The CRA terminated McNulty’s employment on June 3. At her termination meeting, McNulty blamed her manager, whom she said was a poor manager and often didn’t respond to her emails regarding her leave. She said the CRA was supposed to support employees with mental health and addiction problems and she had been trying to make things right. However, according to management’s notes of the meeting, McNulty didn’t apologize for her actions or accept responsibility.

The arbitrator agreed that the 16 forged medical notes and the amount of paid sick leave McNulty received because of them amounted to serious misconduct warranting some sort of discipline. The arbitrator also agreed that the evidence indicated McNulty suffered from alcoholism, which is a disability under human rights legislation. The question was whether the disability factored into the decision to terminate her employment, which would constitute discrimination.

However, the arbitrator found that while McNulty knew of her disability for several years — seeking treatment and having a lengthy sober period before relapsing — it never intersected with her work environment and she never told the CRA of it.
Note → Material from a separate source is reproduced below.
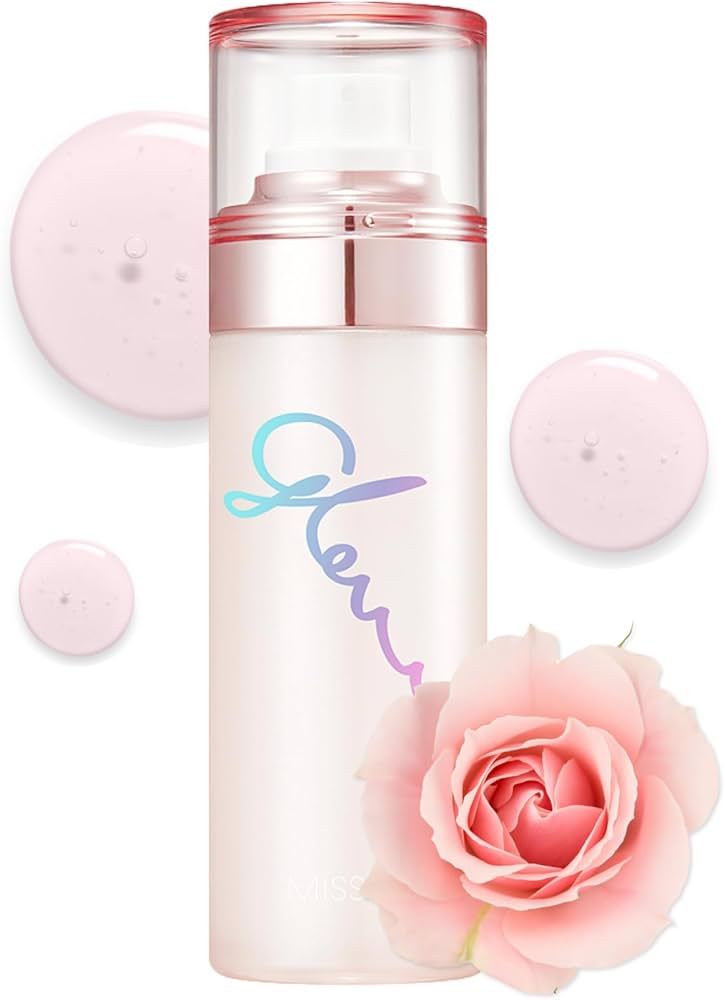 [Missha] Glow Skin Balm To Go Mist 80ml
In fact, whenever her manager inquired if her absences were due to any issues, McNulty said she was fine. It was only when she was being investigated for her misconduct of fraudulent sick notes did she bring up her alcoholism, said the arbitrator.

“(McNulty) was not truthful or forthcoming with her supervisor or employer as, based on the evidence, everything was not fine, and she did not necessarily show up for work,” the arbitrator said. “(The manager) tried to determine the issue that was causing (McNulty) to miss work and whether (she) required some form of accommodation.”

In addition, the fitness-for-work assessment completed by the doctor reported that there was no reason McNulty couldn’t work. The CRA had no information that McNulty suffered from a disability that required accommodation and any such disability couldn’t have played a role in the disciplinary investigation, the arbitrator added.

The arbitrator also noted that McNulty admitted she wasn’t under the influence of alcohol when she forged the medical notes and submitted them. As a result, she hadn’t established that her misconduct was causally related to her alcohol dependency or she was a victim of discrimination in the discipline to which she was subjected.

The arbitrator also found McNulty’s misconduct was a breach of trust, serious for someone in the CRA. She also tried to transfer blame onto the employer, first saying “you would not want me to drive drunk” and then blaming her manager. This, along with her lack of remorse, made it unlikely the CRA could trust her again, said the arbitrator in upholding the termination.

 

For more information see:

McNulty v. Canada Revenue Agency, 2016 CarswellNat 5924 (Can. Pub. Service Lab. Rel. & Emp. Bd.).